Guy Vanhengel – Ministre bruxellois des Finances et président du Collège de la Commission communautaire flamande (VGC), en charge de l’Enseignement

L’enseignement a besoin d’innovation. Dans le contexte spécifique de Bruxelles, notre volonté est de continuer à stimuler l’enseignement multilingue, avec une attention pour le français chez les enseignants et les élèves non-francophones afin d’en faire des Bruxellois. Les élèves, les écoles et les parents doivent être encouragés à s’inscrire dans une pédagogie présupposant le multilinguisme et l’esprit civique. Si l’on veut réaliser quelque chose en Belgique, il faut tenir compte de la structure étatique du pays, avec les Communautés, les Régions et le pouvoir fédéral.

En ce qui concerne la création d’une formation bilingue pour enseignants, tant dans les accords gouvernementaux du fédéral, de Bruxelles-Capitale, de la CoCom, de la VGC que de la CoCof, vu le besoin en enseignants bilingues dans notre ville, on retrouve l’ambition de soutenir ce projet.

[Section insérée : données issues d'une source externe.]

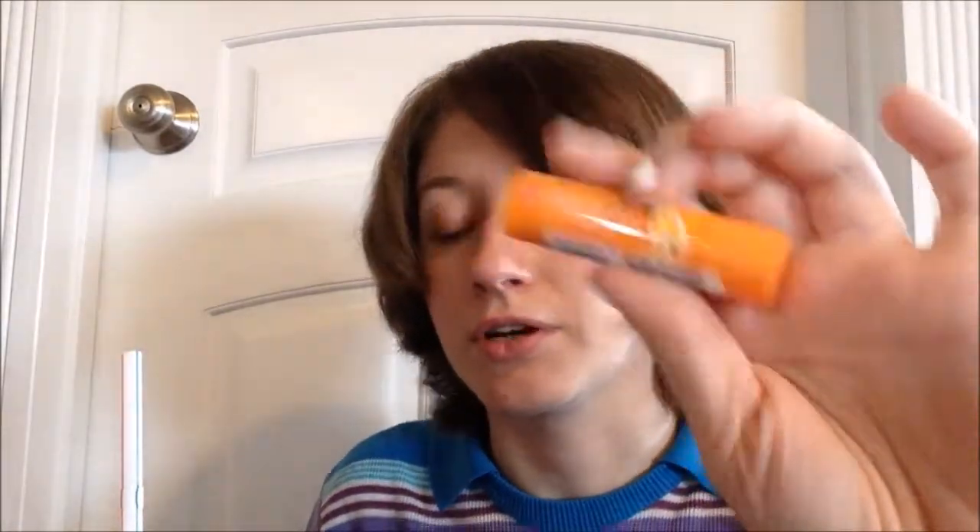I also got an individual Lip Smacker in Pink Lemonade — I think this is the newer release of it, and I can see it's pink in there. Then the new Burt's Bees Flavor Crystals lip balms from back in December — Sweet Orange, Red Raspberry, and Tropical Pineapple. I've been hesitant to use them because everyone who's tried them says they're so scratchy they almost made their lips bleed, and my lips are very sensitive.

L’amorce importante a été donnée l’an dernier avec une formation bilingue d’enseignants à Bruxelles. Les départements Onderwijs en Pedagogie de l’Erasmushogeschool Brussel et de la Haute École Francisco Ferrer ont pris l’engagement de collaborer pour leur formation d’enseignants du primaire. Ils réaliseront un parcours de « bidiplomation » qui permettra aux étudiants, à l’issue de leur formation initiale de bachelier, de suivre une formation continue raccourcie auprès de l’institution partenaire, où l’accent sera mis sur le perfectionnement linguistique, de sorte qu’ils décrochent deux diplômes d’enseignant. Ils pourront donner cours tant dans l’enseignement primaire francophone que néerlandophone. Ces enseignants plurilingues seront en mesure de répondre aux besoins des élèves bruxellois.

En ce qui concerne la présence d’élèves francophones dans l’enseignement néerlandophone à Bruxelles, on prétend que nombreux sont ceux qui ne maîtrisent pas suffisamment la langue de l’école, ce qui entraîne un retard d’apprentissage. L’inspection note que les écoles bruxelloises affinent continuellement leurs politiques linguistiques.

Contre

Liesbet Dhaene, députée bruxelloise N-VA

C’est une fausse bonne idée. L’enseignement néerlandophone contribue largement à disséminer du bilinguisme dans Bruxelles. Faire des écoles néerlandophones des écoles bilingues ferait chuter le niveau de néerlandais des élèves francophones. On voit déjà aujourd’hui qu’avec 100 % des cours en néerlandais ces enfants ont des difficultés avec la langue. C’est donc en renforçant le néerlandais dans les écoles néerlandophones que les enfants deviendraient vraiment bilingues et combleraient leur retard d’apprentissage. Il faut encore renforcer la qualité de notre enseignement pour rehausser le niveau. Ce n’est pas en tirant le niveau néerlandais vers le bas qu’on va réussir.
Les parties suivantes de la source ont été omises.